-- SOURCE MATERIAL follows --

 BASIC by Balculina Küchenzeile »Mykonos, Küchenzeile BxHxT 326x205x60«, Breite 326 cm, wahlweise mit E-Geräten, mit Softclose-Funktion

-- SOURCE MATERIAL concluded --
-- SOURCE MATERIAL follows --

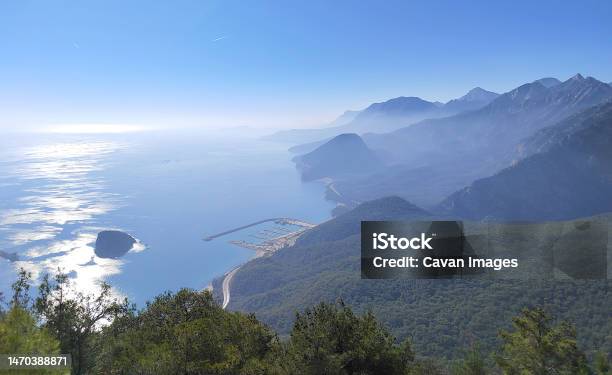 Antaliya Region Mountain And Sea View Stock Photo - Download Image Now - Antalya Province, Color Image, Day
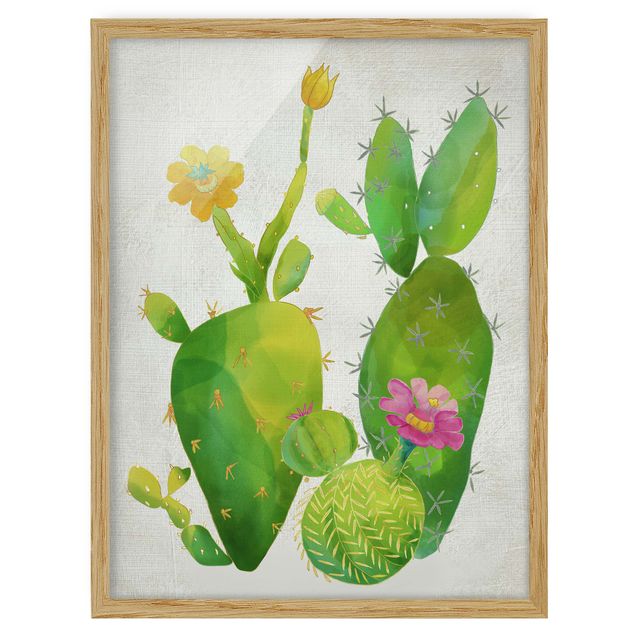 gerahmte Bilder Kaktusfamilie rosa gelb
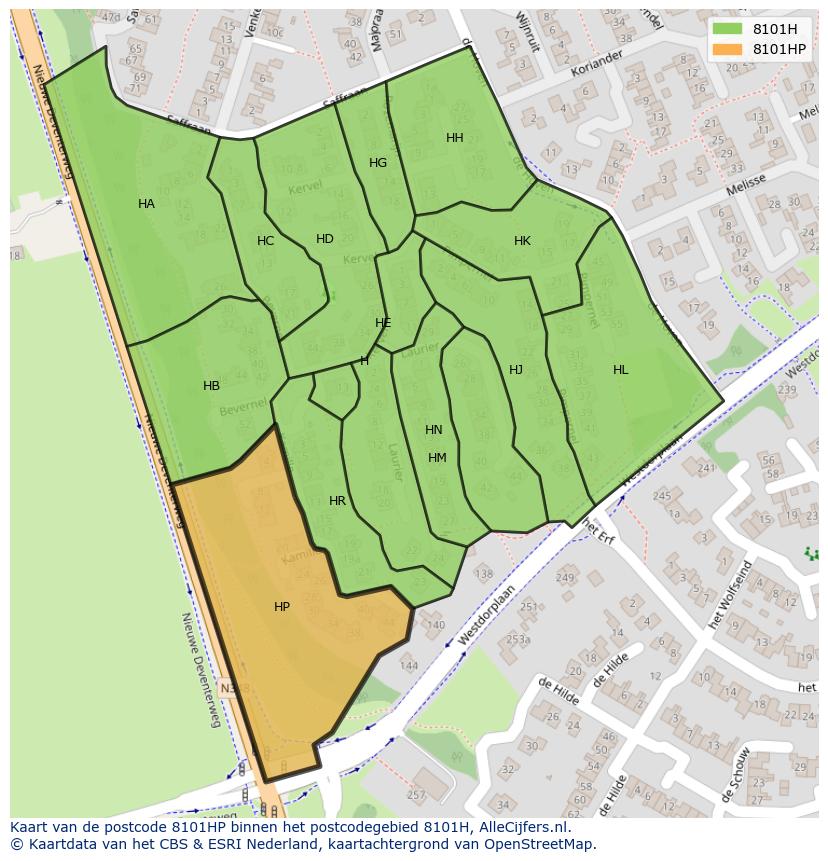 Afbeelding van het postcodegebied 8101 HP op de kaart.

-- SOURCE MATERIAL concluded --
-- SOURCE MATERIAL follows --

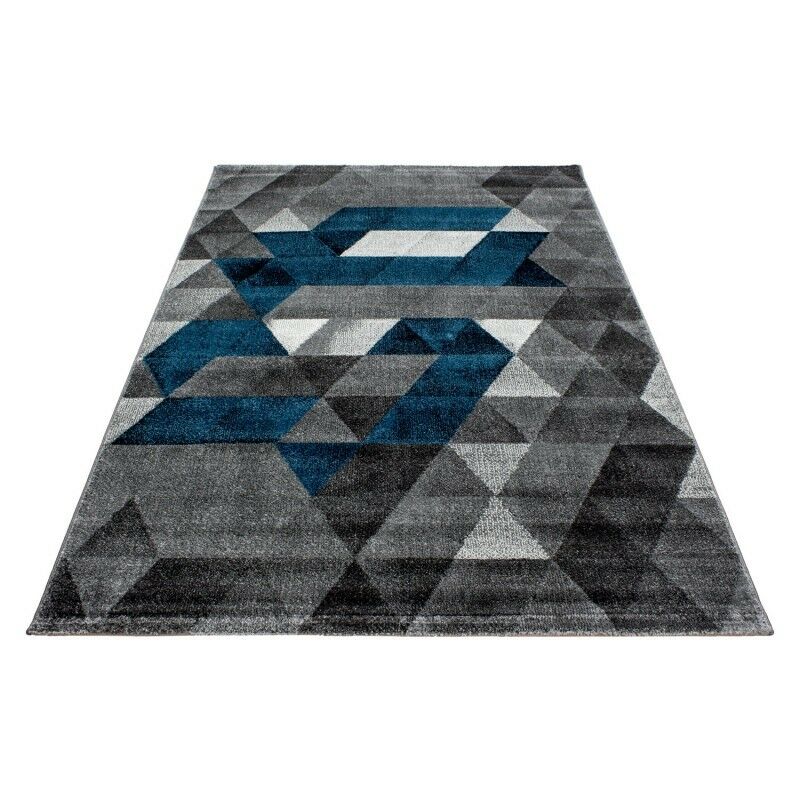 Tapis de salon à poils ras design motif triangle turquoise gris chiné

-- SOURCE MATERIAL concluded --

TASK BRIEF >> Above are the records; copy exactly the lines from the one with "Antaliya Region Mountain" through the one with "Afbeelding van het", including both, and nothing more. Leave out pictures.

WRITTEN RESPONSE >>
 Antaliya Region Mountain And Sea View Stock Photo - Download Image Now - Antalya Province, Color Image, Day
 gerahmte Bilder Kaktusfamilie rosa gelb
 Afbeelding van het postcodegebied 8101 HP op de kaart.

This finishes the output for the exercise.